→ WHAT YOU SHOULD DO: The lines to copy run from the one containing "Perry Farrell was" to the end of the listing. Please write them out exactly, minus the pictures.

→ RECORD SET:

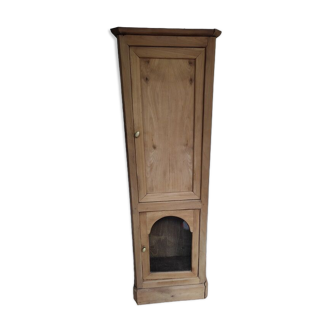 Armoire bois massif porte vitrée aéro-gommé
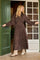 Valery Dress | Coffee | Kjole fra Black Colour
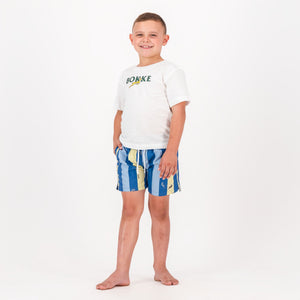 Springboks Stripe Print Kids Swim Shorts - Skyway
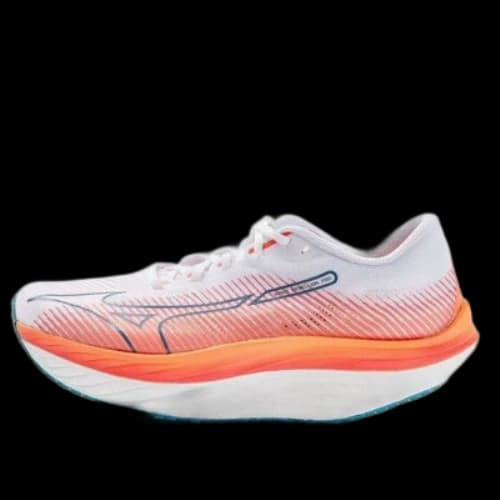 Mizuno Wave Rebellion Pro 'White Orange'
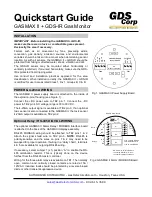 Preview for 1 page of GDS GASMAX II + GDS-IR Quick Start Manual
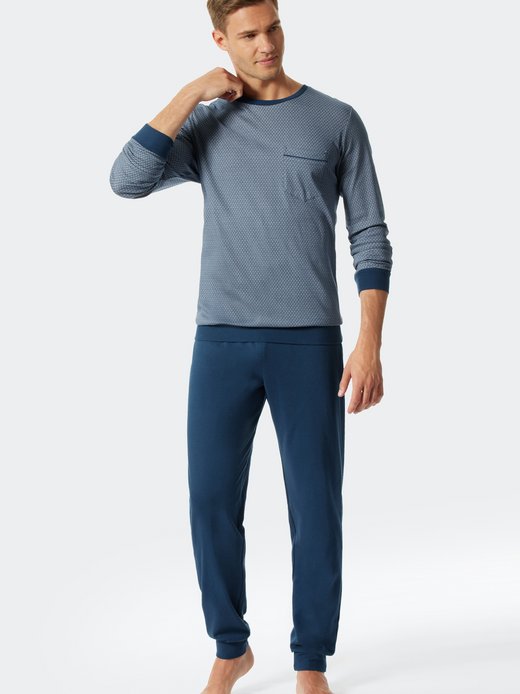 Herren Schlafanzug  -  Fine Interlock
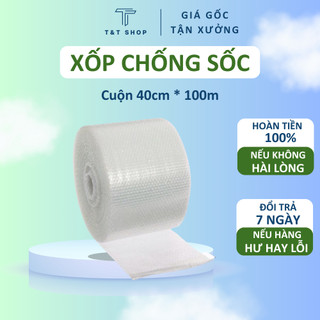 Xốp chống sốc cuộn 100m TnT Shop bọc chống sốc hàng hóa tránh trầy xước , xốp hơi bóng khí xốp nổ gói hàng hóa tiết kiệm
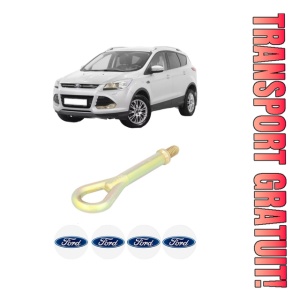 Cui carlig remorcare, tractare auto FORD KUGA II (DM2) din 2013-2019, Otel, Cri-Flo, 4 Stickere cu FORD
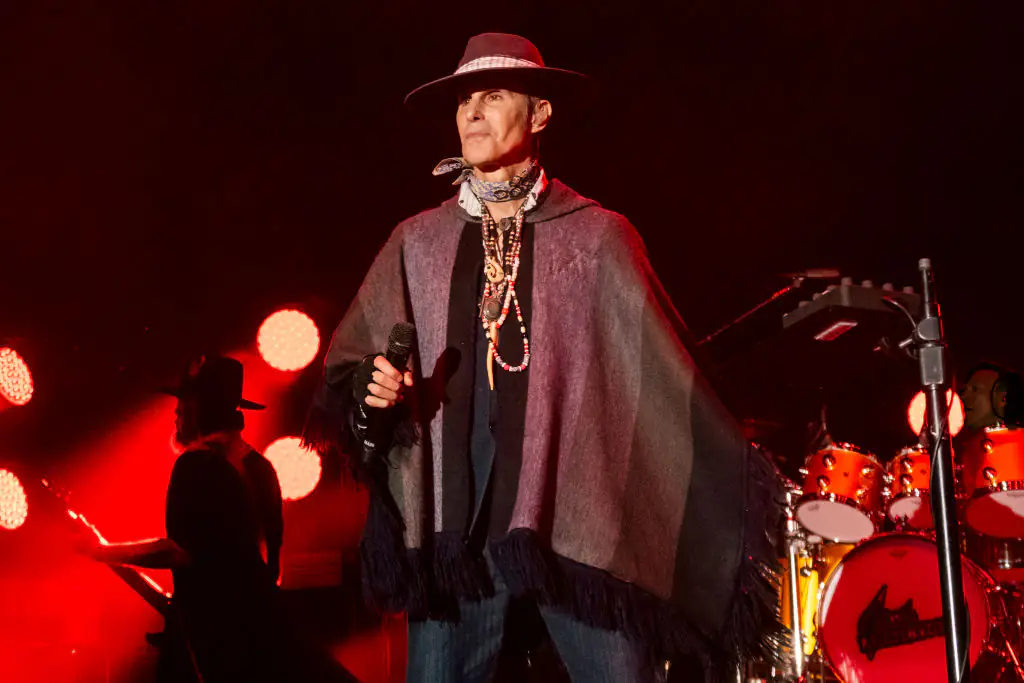 Perry Farrell was allegedly frustrated that his singing was being drowned out by the band. Credit: Astrida Valigorsky/Getty Images
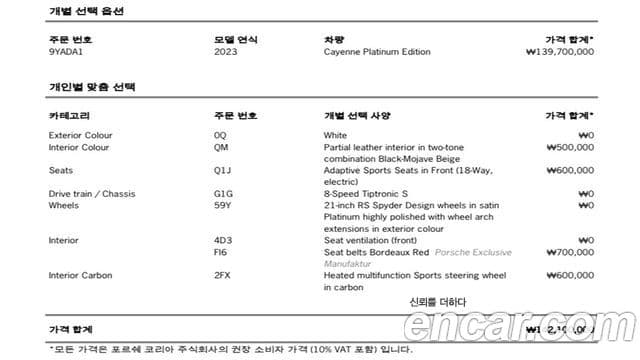 Porsche Cayenne (PO536) 3.0 Platinum Edition, 2023 20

→ RESPONSE TO THIS TASK:
 Perry Farrell was allegedly frustrated that his singing was being drowned out by the band. Credit: Astrida Valigorsky/Getty Images
 Porsche Cayenne (PO536) 3.0 Platinum Edition, 2023 20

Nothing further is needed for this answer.